De cuando en cuando, aparecían en el arrabal gentes venidas de fuera. Al principio, llamaban la atención, sólo por ser desconocidos; después, despertaban un ligero interés superficial por sus relatos sobre los lugares en donde habían trabajado; más tarde, desaparecía la novedad, se acostumbraban a ellos y pasaban ya inadvertidas. Por lo que contaban, se echaba de ver que en todas partes la vida del obrero era la misma. Y puesto que era igual, ¿a qué hablar de ella?
Había, sin embargo, algunos que decían cosas nunca oídas aún en el arrabal. Nadie discutía con ellos, pero sus palabras extrañas eran escuchadas con desconfianza. Aquellas palabras suscitaban en unos irritación ciega; en otros, una confusa inquietud o una vaga sombra de esperanza en algo poco claro, y los hombres empezaban a beber aún más para desechar aquella alarma innecesaria, molesta.

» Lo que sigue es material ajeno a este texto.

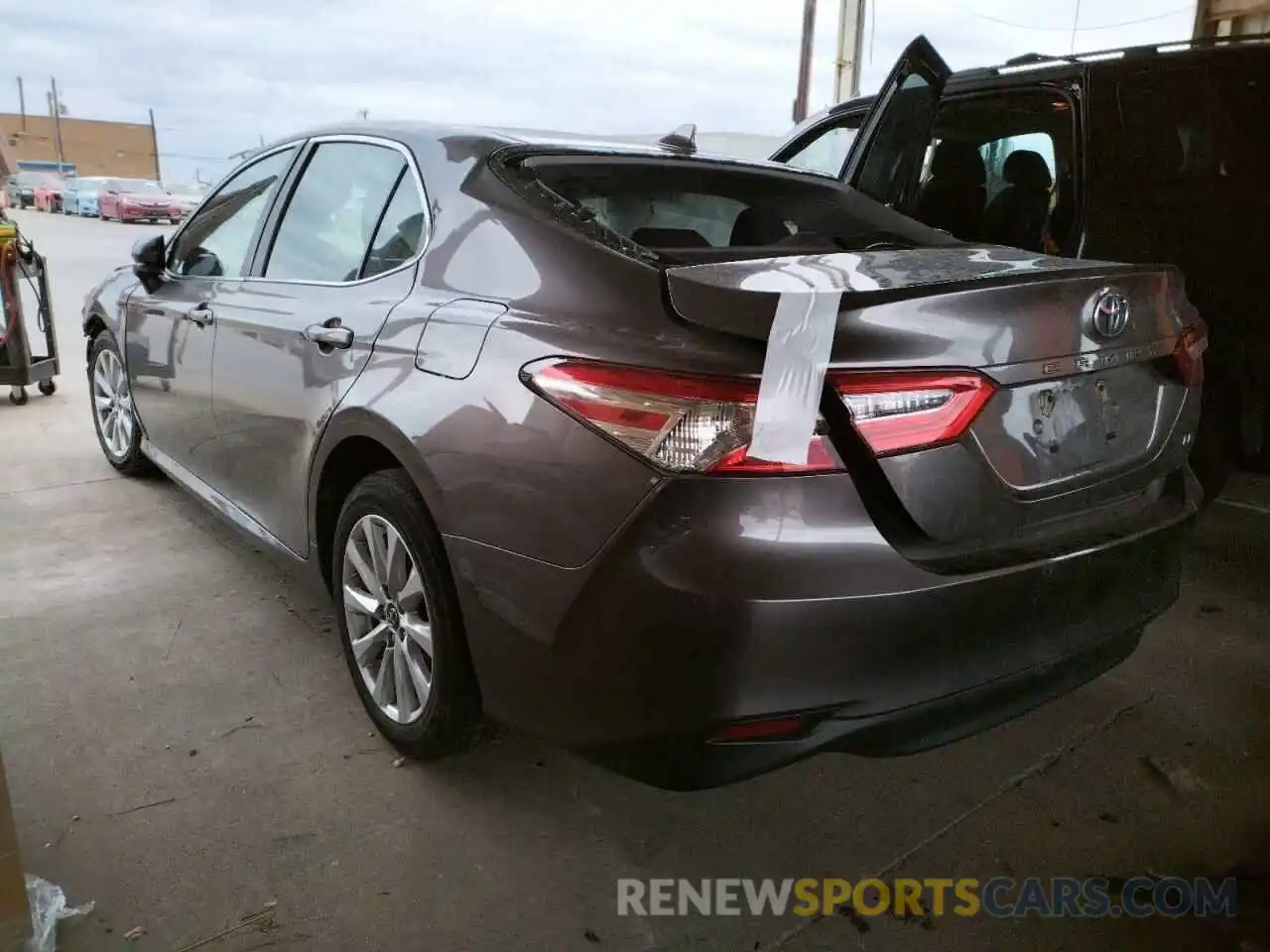 3 Photograph of a damaged car 4T1B11HK3KU804298 TOYOTA CAMRY 2019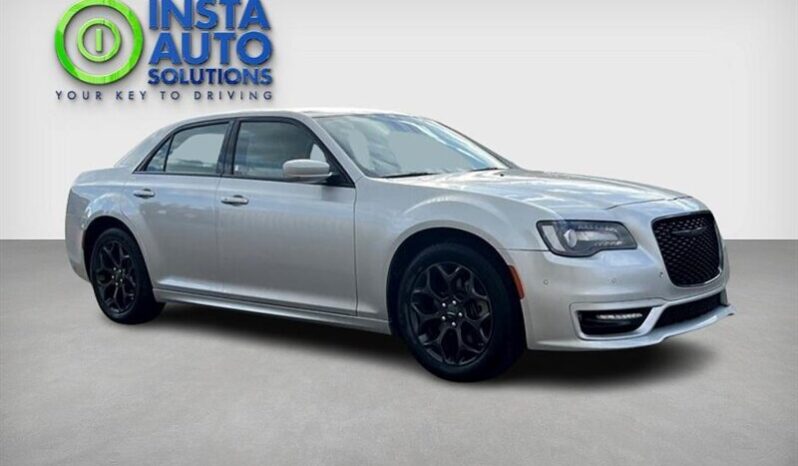 
								2022 Chrysler 300 Touring L AWD full									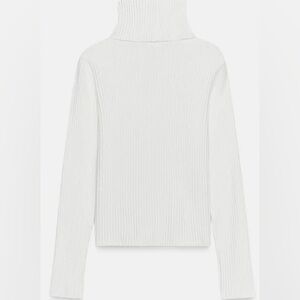 ZARA White Ribbed Crop Turtleneck Sweater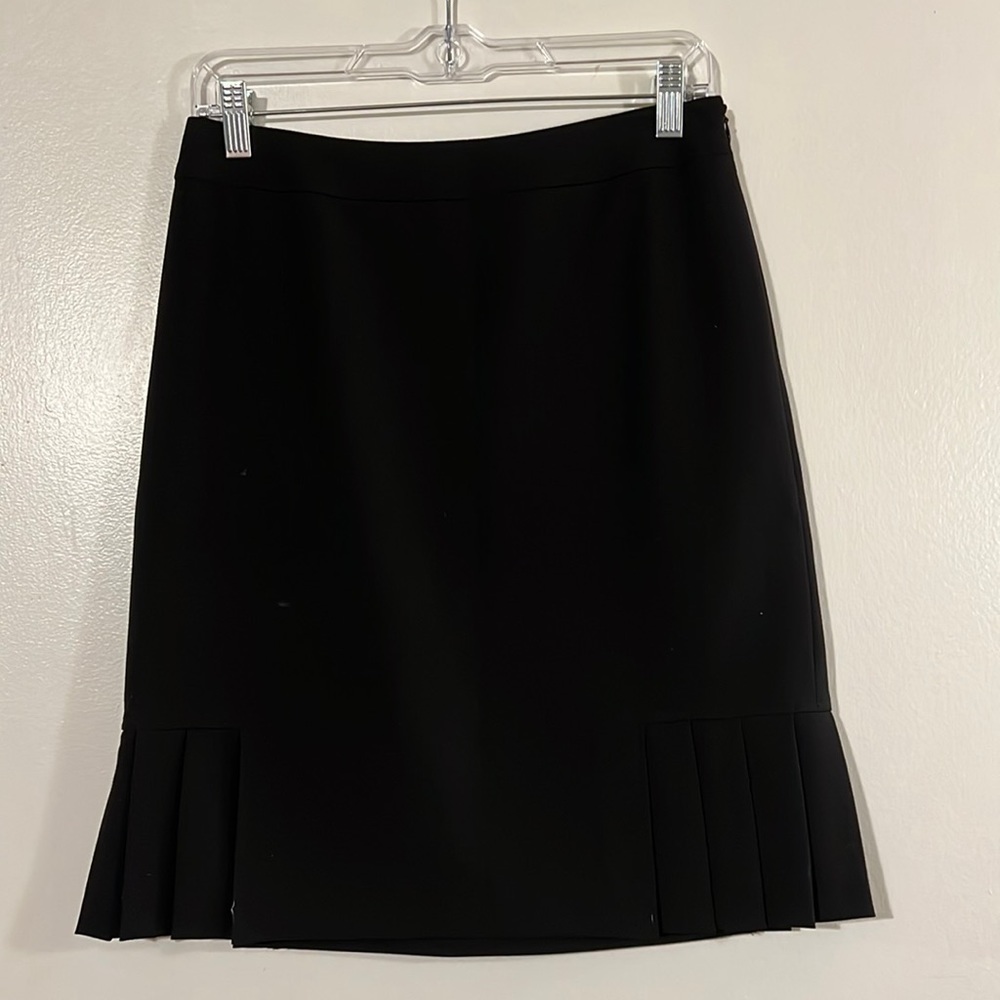 Tahari by Arthur S. Levine black lined side zip skirt with pleated hem detail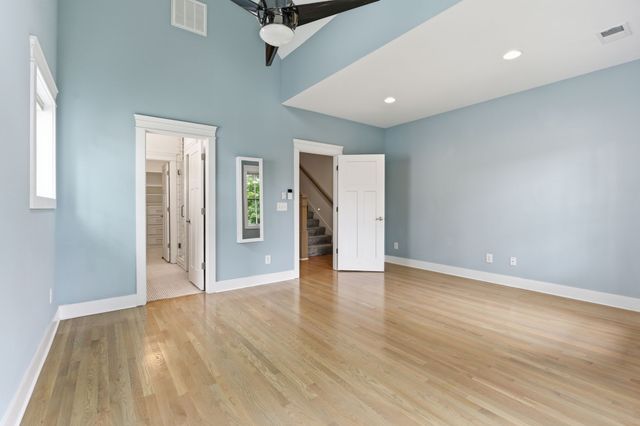 1433 14th Ave, S, Nashville, TN 37212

Si observaban en el forastero algún rasgo desacostumbrado, los moradores del arrabal no lo olvidaban y le tenían a distancia durante mucho tiempo, tratándole con instintivo recelo. Era como si temiesen que aquel hombre distinto a ellos pudiera introducir en su existencia algo capaz de perturbar su curso tristemente normal, penoso, pero tranquilo. La gente estaba acostumbrada a que la vida oprimiera siempre con la misma fuerza, y, sin esperar ningún cambio favorable, consideraba que toda mudanza sólo podía dar lugar a una opresión mayor. Se apartaban en silencio de los hombres que decían algo nuevo. Entonces, éstos desaparecían, se marchaban a alguna otra parte, y el que se quedaba en la fábrica vivía aislado si no sabía fundirse en un todo con la masa uniforme de los pobladores del arrabal. Y después de vivir así una cincuentena de años, el hombre moría.